Assigned task:
Retype the lines below exactly, from the one that contains "Aaron Rodgers Green" through the last, and leave every picture out.

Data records
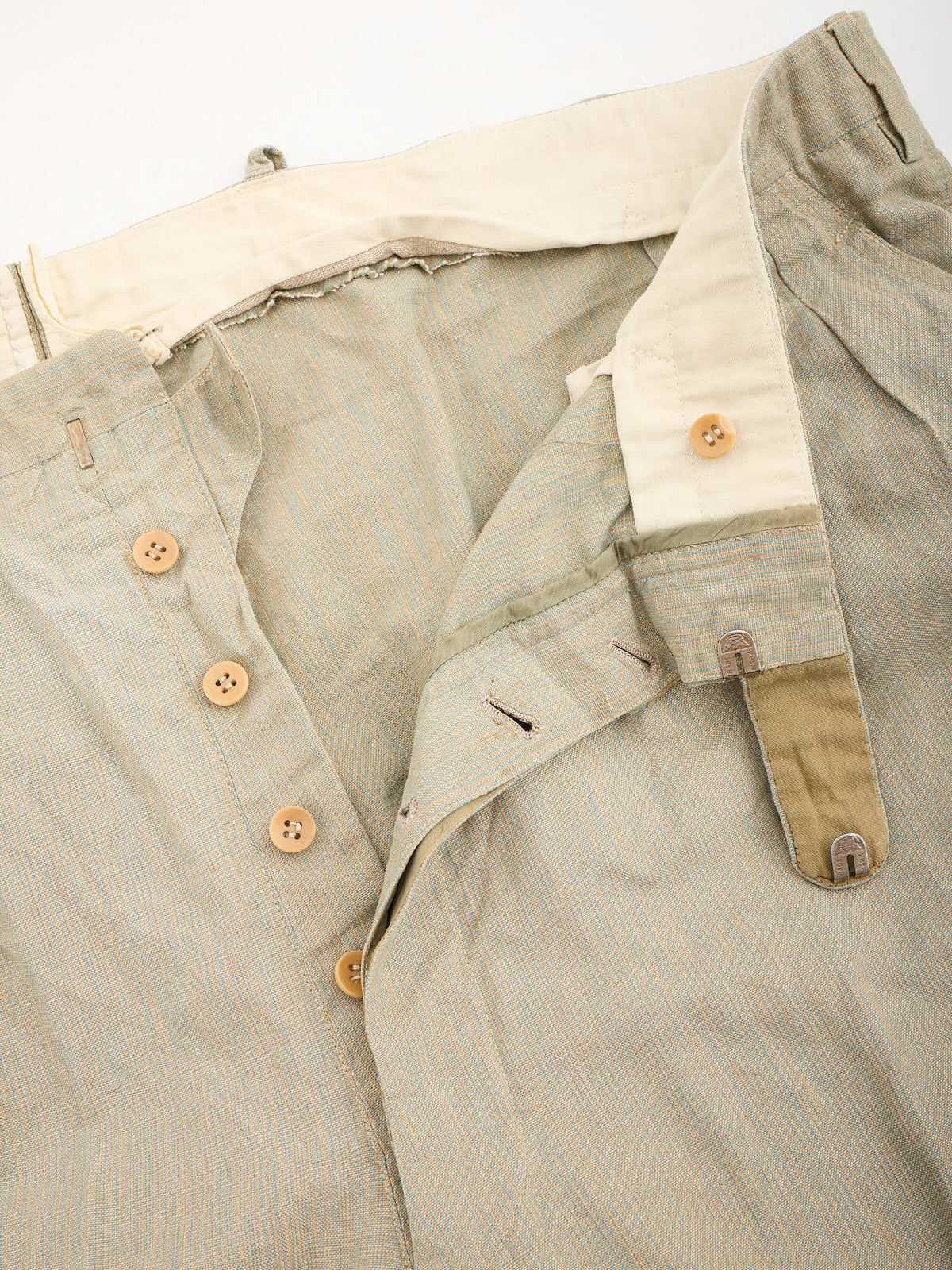 ANDERSON & SHEPPARD Savile Row Handmade Bespoke Suit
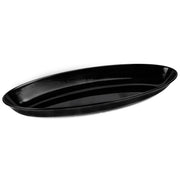 Vague Melamine Oval Serving Platter - Al Makaan Store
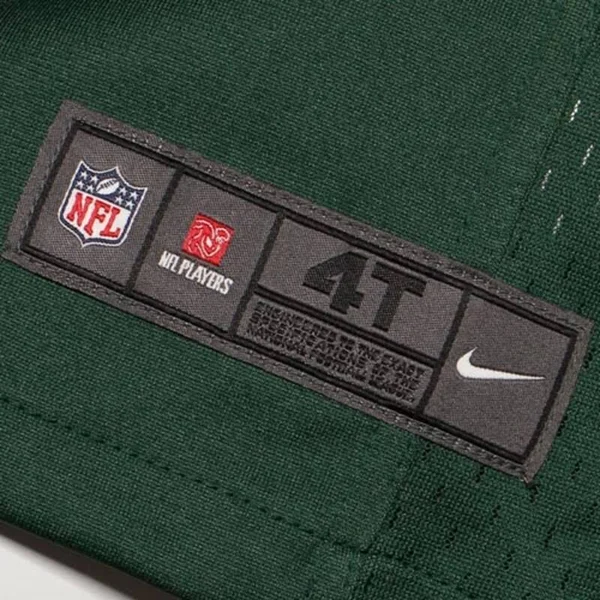Aaron Rodgers Green Bay Packers Nike Toddler Game Jersey (Green) 2T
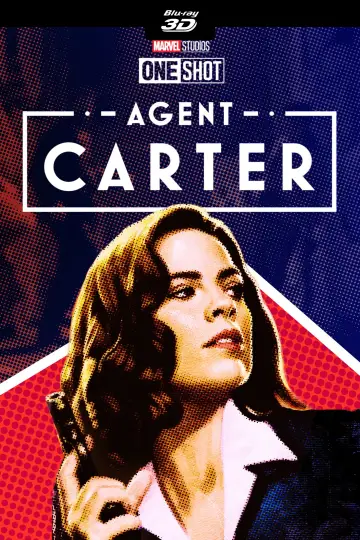Poster to the movie "Marvel One-Shot: Agent Carter" #1801535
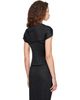PLEATS PLEASE ISSEY MIYAKE PLEATS PLEASE ISSEY MIYAKE Black Leap Top - 3
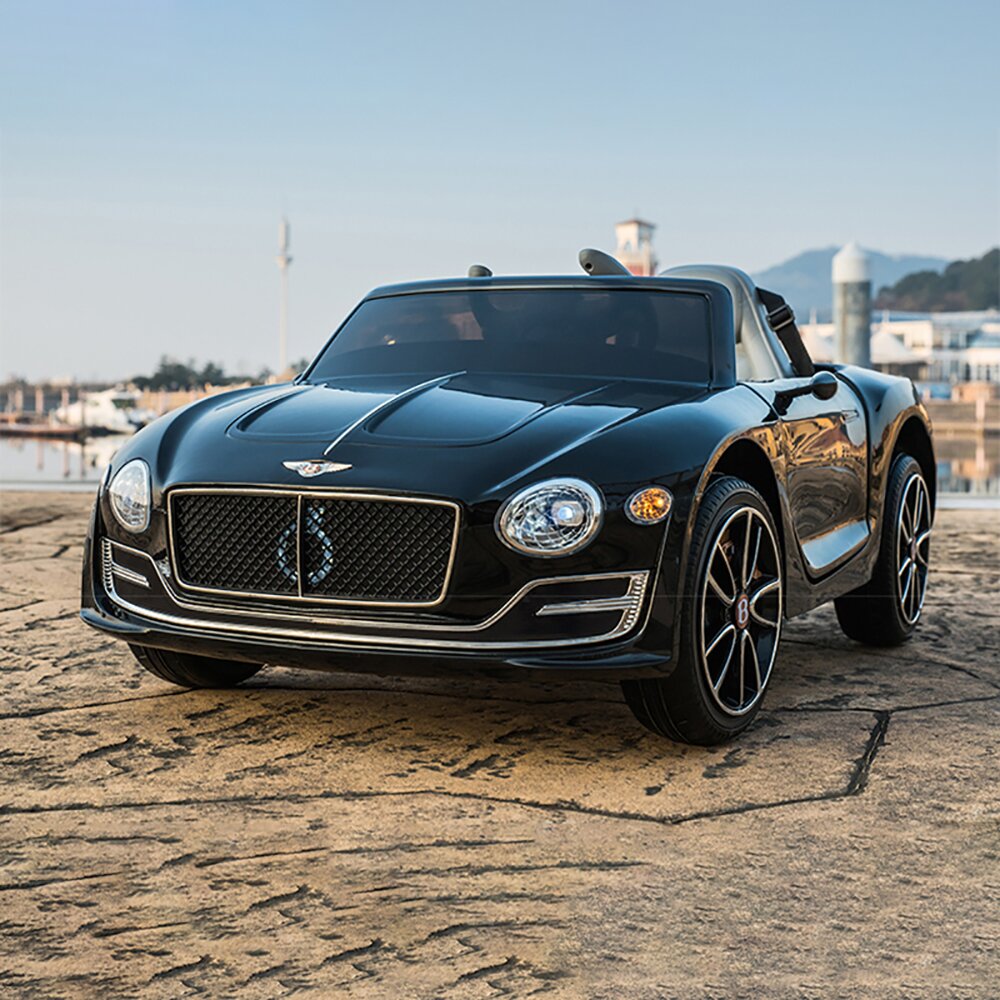 【Baby&Kids】Bentley Exp12 Kids Ride on Car and Truck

Solved exercise:
Aaron Rodgers Green Bay Packers Nike Toddler Game Jersey (Green) 2T
Poster to the movie "Marvel One-Shot: Agent Carter" #1801535
PLEATS PLEASE ISSEY MIYAKE PLEATS PLEASE ISSEY MIYAKE Black Leap Top - 3
 【Baby&Kids】Bentley Exp12 Kids Ride on Car and Truck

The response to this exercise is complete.